Why it’s important: These countries are all leaders in a space that will soon come to dominate the world in terms of economics and quality of life. It is interesting to note that the Spanish government says its decarbonization plan will increase the workforce by 1.6% compared to the jobs loss mantra that is so often placed as a roadblock to green progress. The follow-on results are expected to be similar in the other three as well. Korea’s industrial manufacturing sector has been hit hard by the recent economic downturn and will benefit from manufacturing and deploying 45,000 electric vehicle charge points and 450 hydrogen fuel stations around the country. Uruguay’s business incentive plan for investment in clean technology transitioned the country from burning oil to generate electricity, to completely clean energy in 20 years. These incentives brought billions in investment and reduced the cost of electricity for its citizens. In Kenya, the green economy is set to leapfrog the fossil fuel economy and already the lives of rural and urban Kenyans have been impacted directly by greatly improved access to reliable electricity. A full 75% of Kenyans now have electricity in their homes.
Most importantly though, and from a global perspective, it appears the Climate Race is on. Larger economies like China the UK and others have also pledged to decarbonize. When president Biden recommits the USA to the Paris Accord decarbonization plan, others like India will likely follow suit and the entire world will breathe a lot easier. [read the article]

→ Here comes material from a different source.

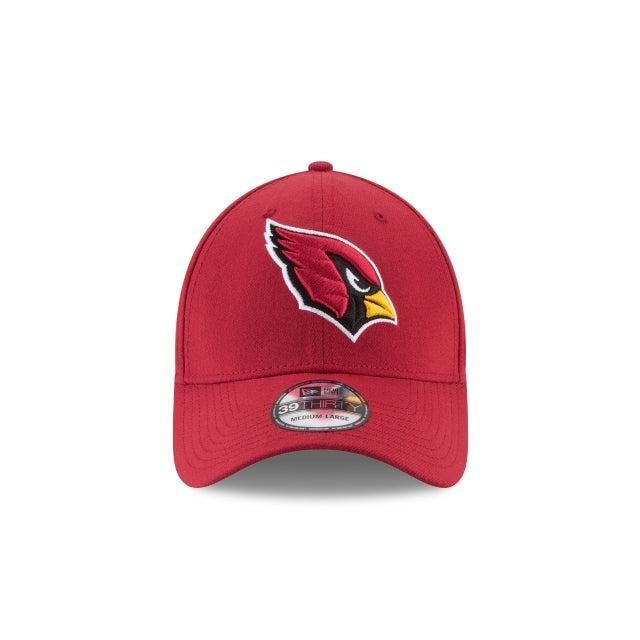 Cleveland Guardians Team Classic Home 39THIRTY Stretch Fit Hat Male Product Image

2) A Philippine community sees life-saving payoffs from restoring its mangroves
In the central Philippine province of Aklan, the mangroves had been decimated. Cut for firewood and to enable illegal fishing, the massive mangrove forests had all but disappeared. Who could blame a poverty-stricken population of local people living a subsistence existence? Certainly, the government was not going to enforce the rules; locals at least have some form of income this way. But then in 1990, a visionary local mayor decided to reforest the area after learning from local historians that the area was once healthy, prosperous, and full of wildlife – a result of the mangroves that had been subsequently cleared for illegal fishing activities. The mangrove reforestation project started with 50 hectares that were planted by local residents. For their efforts, they were paid about $0.04 per tree, financed by micro-loans. 30 years later, more than 450 acres around the region have been reforested and the area is now a protected national park drawing tourists from around the world.
Why it’s important: Mangroves have some pretty amazing benefits. From a global perspective, they are extremely important as carbon sinks. In this regard, they are highly productive, with carbon sequestration rates equivalent to tropical humid land forests. They account for 14% of the carbon sequestration of the global ocean. If mangrove carbon stocks are disturbed, resultant gas emissions are very high. Biodiversity also benefits; unique species found nowhere else live in mangroves and are often at risk due to habitat loss. The aquatic insects, shellfish, and fish that are found in the roots and waters around the trees are also an important source of food for other, larger species of fish and birds.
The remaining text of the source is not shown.